* _Exercise description_
Copy out every line from the records that includes "Stockfoto".

[Short text fragments from websites]
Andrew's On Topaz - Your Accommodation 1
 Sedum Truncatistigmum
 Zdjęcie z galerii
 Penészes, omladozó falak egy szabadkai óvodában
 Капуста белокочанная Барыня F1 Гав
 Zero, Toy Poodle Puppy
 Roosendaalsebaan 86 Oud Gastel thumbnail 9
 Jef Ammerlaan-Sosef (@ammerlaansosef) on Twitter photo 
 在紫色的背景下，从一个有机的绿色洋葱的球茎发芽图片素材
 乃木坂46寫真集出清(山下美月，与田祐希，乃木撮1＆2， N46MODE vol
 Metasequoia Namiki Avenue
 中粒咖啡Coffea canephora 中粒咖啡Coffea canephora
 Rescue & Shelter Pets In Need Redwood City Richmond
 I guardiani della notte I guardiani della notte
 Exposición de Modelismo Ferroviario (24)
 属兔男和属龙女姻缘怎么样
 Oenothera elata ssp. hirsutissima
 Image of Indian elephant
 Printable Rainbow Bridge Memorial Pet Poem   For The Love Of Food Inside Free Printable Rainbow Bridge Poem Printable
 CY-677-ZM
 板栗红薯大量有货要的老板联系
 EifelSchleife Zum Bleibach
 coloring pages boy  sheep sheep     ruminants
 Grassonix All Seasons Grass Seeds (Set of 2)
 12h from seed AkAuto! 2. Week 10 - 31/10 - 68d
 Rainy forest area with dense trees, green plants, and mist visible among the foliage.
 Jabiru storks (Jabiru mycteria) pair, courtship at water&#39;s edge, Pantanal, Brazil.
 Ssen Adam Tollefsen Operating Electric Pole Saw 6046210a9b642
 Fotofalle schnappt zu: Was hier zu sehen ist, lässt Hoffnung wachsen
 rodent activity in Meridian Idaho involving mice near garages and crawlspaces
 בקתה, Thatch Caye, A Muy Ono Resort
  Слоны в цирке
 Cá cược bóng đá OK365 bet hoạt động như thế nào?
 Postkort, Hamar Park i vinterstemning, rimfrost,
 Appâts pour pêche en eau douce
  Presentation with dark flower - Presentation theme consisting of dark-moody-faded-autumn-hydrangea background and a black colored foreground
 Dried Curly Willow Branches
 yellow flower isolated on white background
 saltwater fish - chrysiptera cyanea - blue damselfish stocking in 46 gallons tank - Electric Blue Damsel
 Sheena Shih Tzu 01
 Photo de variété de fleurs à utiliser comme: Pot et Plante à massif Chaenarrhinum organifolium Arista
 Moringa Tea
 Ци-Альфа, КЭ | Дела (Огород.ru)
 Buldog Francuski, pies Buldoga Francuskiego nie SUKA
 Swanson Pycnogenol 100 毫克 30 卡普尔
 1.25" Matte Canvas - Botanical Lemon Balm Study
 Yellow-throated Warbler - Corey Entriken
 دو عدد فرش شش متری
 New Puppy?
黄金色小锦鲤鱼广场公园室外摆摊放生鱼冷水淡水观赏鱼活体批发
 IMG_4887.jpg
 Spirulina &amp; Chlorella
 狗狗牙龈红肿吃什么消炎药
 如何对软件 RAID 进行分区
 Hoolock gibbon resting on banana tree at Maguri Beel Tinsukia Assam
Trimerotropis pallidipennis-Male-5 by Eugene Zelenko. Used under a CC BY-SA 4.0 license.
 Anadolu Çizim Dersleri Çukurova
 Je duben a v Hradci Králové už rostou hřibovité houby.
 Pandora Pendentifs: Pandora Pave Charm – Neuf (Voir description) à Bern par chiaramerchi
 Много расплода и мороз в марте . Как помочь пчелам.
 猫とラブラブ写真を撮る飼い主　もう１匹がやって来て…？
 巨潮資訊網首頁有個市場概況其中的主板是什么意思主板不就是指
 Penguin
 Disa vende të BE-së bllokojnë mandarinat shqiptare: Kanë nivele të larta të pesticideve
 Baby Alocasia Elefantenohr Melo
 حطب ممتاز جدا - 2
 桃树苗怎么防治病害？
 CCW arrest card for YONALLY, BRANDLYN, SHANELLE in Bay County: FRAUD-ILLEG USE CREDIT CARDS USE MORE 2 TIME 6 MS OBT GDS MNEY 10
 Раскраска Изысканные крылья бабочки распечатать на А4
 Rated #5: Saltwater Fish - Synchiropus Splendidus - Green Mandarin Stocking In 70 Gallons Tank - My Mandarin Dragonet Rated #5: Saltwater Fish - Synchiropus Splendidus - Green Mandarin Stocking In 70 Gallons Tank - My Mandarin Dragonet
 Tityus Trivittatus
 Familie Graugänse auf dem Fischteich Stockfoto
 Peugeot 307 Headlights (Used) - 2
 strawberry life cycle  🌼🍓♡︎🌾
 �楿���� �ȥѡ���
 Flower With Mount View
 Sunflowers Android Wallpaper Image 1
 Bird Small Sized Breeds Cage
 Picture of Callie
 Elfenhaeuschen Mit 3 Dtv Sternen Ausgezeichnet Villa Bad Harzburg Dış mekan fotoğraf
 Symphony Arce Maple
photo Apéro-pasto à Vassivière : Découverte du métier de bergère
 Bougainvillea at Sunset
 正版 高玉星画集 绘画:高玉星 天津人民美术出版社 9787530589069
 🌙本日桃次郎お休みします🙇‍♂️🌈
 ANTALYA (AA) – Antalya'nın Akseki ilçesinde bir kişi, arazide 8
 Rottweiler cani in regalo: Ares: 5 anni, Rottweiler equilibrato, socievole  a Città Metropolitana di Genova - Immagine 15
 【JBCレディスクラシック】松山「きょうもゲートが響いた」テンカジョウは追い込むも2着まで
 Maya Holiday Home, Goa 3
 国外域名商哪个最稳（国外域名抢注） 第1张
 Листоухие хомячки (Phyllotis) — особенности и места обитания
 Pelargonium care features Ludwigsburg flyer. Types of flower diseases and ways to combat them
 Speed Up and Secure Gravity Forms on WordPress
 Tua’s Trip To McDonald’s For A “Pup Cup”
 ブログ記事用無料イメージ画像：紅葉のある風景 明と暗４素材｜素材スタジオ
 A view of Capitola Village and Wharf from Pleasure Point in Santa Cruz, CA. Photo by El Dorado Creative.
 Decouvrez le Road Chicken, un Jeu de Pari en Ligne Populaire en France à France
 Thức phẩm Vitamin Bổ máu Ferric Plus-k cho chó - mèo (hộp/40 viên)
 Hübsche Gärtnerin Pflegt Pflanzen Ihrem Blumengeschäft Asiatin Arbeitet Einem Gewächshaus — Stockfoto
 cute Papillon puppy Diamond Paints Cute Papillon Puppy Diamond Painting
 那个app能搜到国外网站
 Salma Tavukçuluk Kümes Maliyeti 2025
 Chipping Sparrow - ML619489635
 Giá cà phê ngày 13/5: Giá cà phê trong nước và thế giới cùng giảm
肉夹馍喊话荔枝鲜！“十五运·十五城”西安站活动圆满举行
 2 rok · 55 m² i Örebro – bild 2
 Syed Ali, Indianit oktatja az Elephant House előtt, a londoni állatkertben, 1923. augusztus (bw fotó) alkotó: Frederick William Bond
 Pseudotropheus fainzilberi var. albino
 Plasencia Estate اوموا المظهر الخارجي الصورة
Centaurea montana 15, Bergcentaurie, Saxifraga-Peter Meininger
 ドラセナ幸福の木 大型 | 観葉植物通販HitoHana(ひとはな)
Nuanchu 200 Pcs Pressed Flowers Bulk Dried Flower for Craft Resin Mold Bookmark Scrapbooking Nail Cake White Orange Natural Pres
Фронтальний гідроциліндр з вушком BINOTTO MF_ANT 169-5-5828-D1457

* _Solution for this problem_
 Familie Graugänse auf dem Fischteich Stockfoto
 Hübsche Gärtnerin Pflegt Pflanzen Ihrem Blumengeschäft Asiatin Arbeitet Einem Gewächshaus — Stockfoto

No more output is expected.